De Métanire et sa frappe de sagouin de l’espace, brassard au vent et la bite à l’air qui court comme un âne avec la langue pendue et la tête en arrière à José Luis Palomino et son match d’esclave enchaîné par la rouille et par la honte (inscrire « José » au dos de ton maillot est un délit grave Monsieur Palominal), en passant par Modipabeau Maïga et sa tête de hareng tout surpris d’avoir été encore pris au piège du hameçon Horsjeu, et Thipabeau Fion, ses 280 tatouages d’anus qui cachent à peine un visage en permanence bouche-bée d’être aussi nul, difficile d’imaginer comment le FC Metz pourra un jour marquer un but à l’extérieur.
Suite à ce match catastrophique, Rigobert s’est entretenu au téléphone avec son ami et assistant, Guirane N’Daw, qui lui a livré ses impressions du moment :
D’autant que sur ces entrefaites, le FC Metz s’apprête à recevoir le QSG :
Avant-match :
– Déferlement de footix à Sinsinf’ : pour la réception de Paris Saint Germain le Lynx, les guichets sont fermés depuis deux ans et le stade devrait donc être archi-bondé, comme la chatte à la mère de Zlatan Ibrahimovic.

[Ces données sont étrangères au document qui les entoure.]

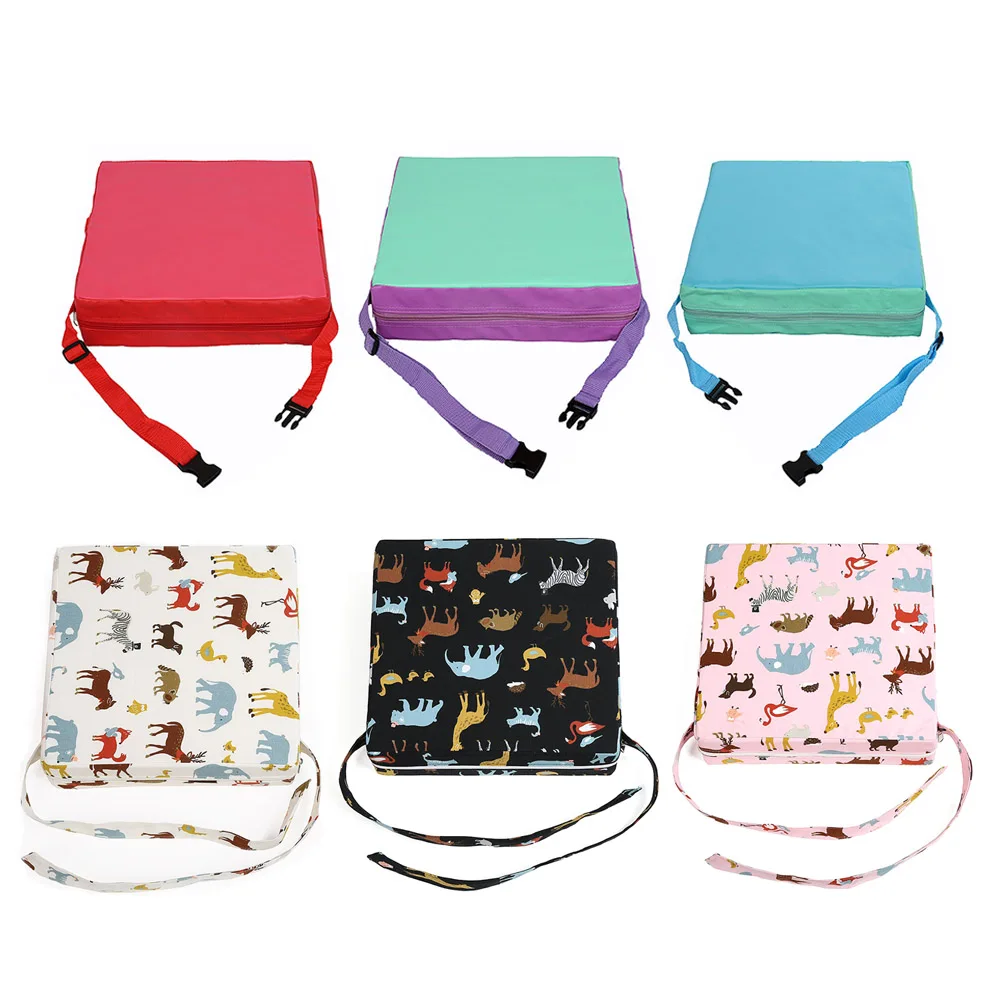Baby Kids Adjustable Detachable Sponge Leather Chair Booster Cushion Dining Chair Child Increase Height Seat Pad Mat Cushions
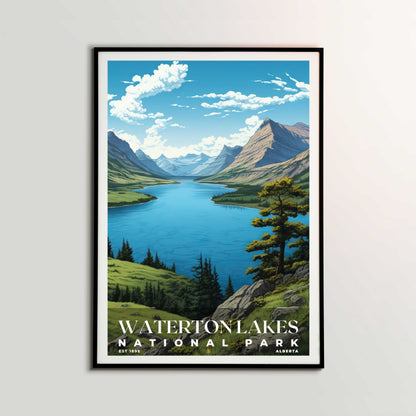 Waterton Lakes National Park Poster | S02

– Tensions avec les supporters : devant les caméras HD de Beinsport, les dirigeants moustachus messins sont tout de suite moins chauds pour qu’il y ait une ambiance de morts-vivants dans Sinsinf’. Aussi, une petite conciliation des familles a-t-elle été tentée cette semaine.
– Animations : Les tifos étant désormais prohibés dans Sinsinf’, le FC Metz distribuera des petits drapeaux de fiottes aigües et le speaker gay du club priera les supporters de les agiter comme des petites salopes pour faire la fête en famille. C’est beau le football gay.

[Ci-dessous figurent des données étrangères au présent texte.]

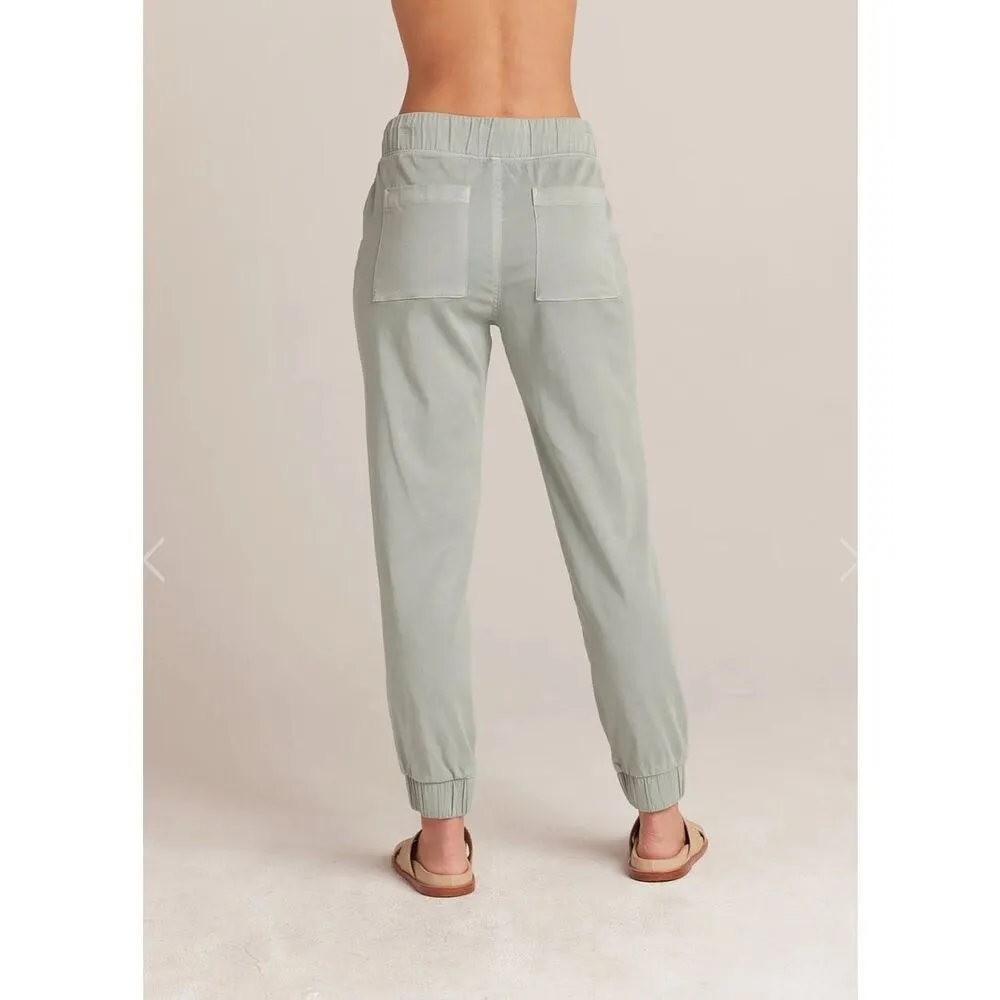 Bella Dahl Womens Elastic Waist Drawstring Cropped Jogger‎ Pants Aqua Large NWT - Image 4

– FC Metz à l’honneur : un article de l’Equipe, assez intéressant, c’est possible et c’est ici.
– Infirmerie : Le FC Metz récupère son Bus magique et son Vénézuélien agressif. En revanche Kramé N’Sort est toujours un candidat sérieux au Abou Diaby Awards 2014.

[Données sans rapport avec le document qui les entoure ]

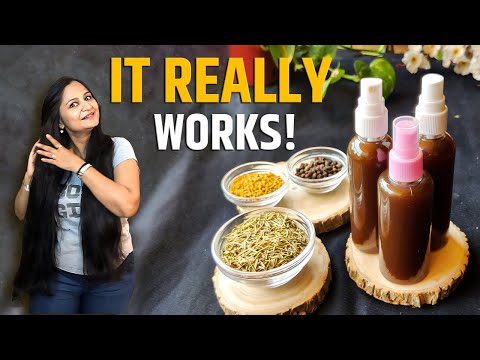 Home Remedy for Hair Fall | DIY Hair Serum for Strong Hair | Homemade Hair Serum & Tonic | Herbal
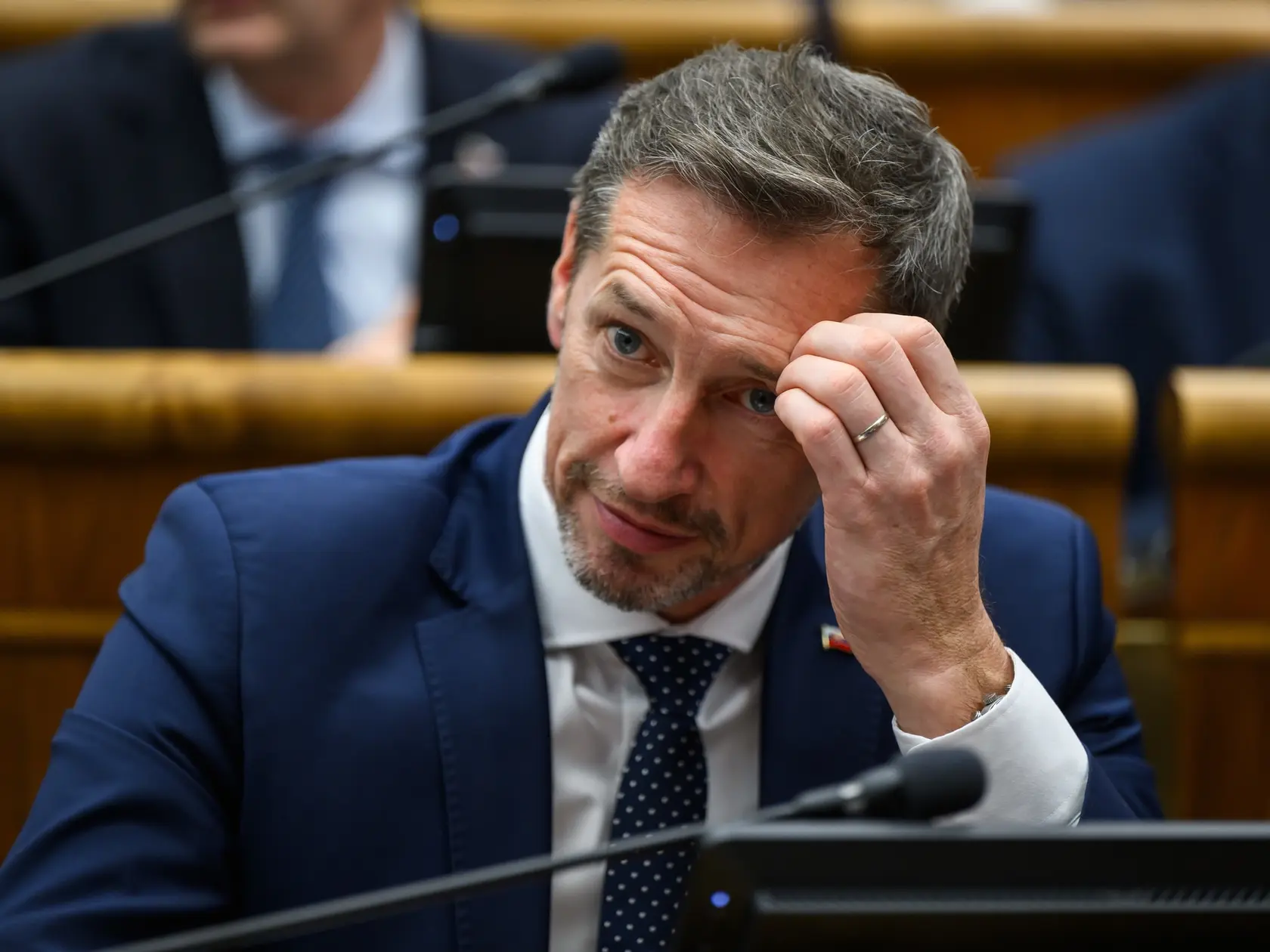 Na snímke opozičný poslanec Národnej rady (NR) SR Milan Majerský (KDH).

– Anecdote : Albert Cartier aimerait que les gens viennent en costard à Sinsinf’, parce que recevoir le PSG, holalala il faut être classe. Rigobert préfèrerait que les gens viennent en salopettes et avec une hache, mais après chacun appréhende le match comme il le veut.
THE MATCH :
– 20 : C’est chiant ces matchs de gala ; avec un tel dispositif policier c’est impossible aux supporters messins de faire leur traditionnelle chasse aux juifs d’avant match…
– 12 : Banderoles en berne. Les supporters renouvellent leur goût pour la grève.
– 8 : La Horda avait tout de même braver l’interdiction et déployé une banderole « sans la voix mais avec le coeur ». C’est tellement gay que les services de sécurité sont obligés de confisquer ça aussi.
– 7 : Pour combler ce déficit d’ambiance, le speaker se met à crier de manière incontrôlable.
– 6 : Et demande aux Messins d’agiter bien sagement leur joli petit drapeau pour être sûr que Sinsinf’ soit totalement ridicule.
– 2 : Le speaker demande une minute de silence en la mémoire de l’ambiance à Saint-Symphorien.
1 : Guirane N’Daw signe un autographe du crampon sur le mollet juvénile d’Adrien Rabiot pour lui dire bonjour. Adrien Rabiot pleure et demande sa maman.
5 : Paris fait tourner le cerveau de Maïga qui se met lui-aussi en grève de pressing.
8 : Sarr invente la plus belle passe dans le dos de l’histoire, Kashi récupère mais devient paralysé subitement, le ballon roule jusque Choplin qui lance Pastore en profondeur ; l’Argentin fait le tour de Guido Milan et la pique au-dessus d’un Carrasso en mode tapis de sol. 1-0 pour les Parisiens grâce à cette action défensive de toute beauté du FC Metz. A montrer dans toutes les écoles.
12 : Maïga cherche un second souffle.
16 : CF pour Lavezzi qui centre pour Bussmann ! Et l’homme-bus, abandonné par la défense messine la plante facilement du pare-brise. Sinsinf’ a honte, Bussmann fait l’avion. 0-2
17 : Guirane N’Daw profite de cette accalmie pour exorciser sa défense du mauvais sort.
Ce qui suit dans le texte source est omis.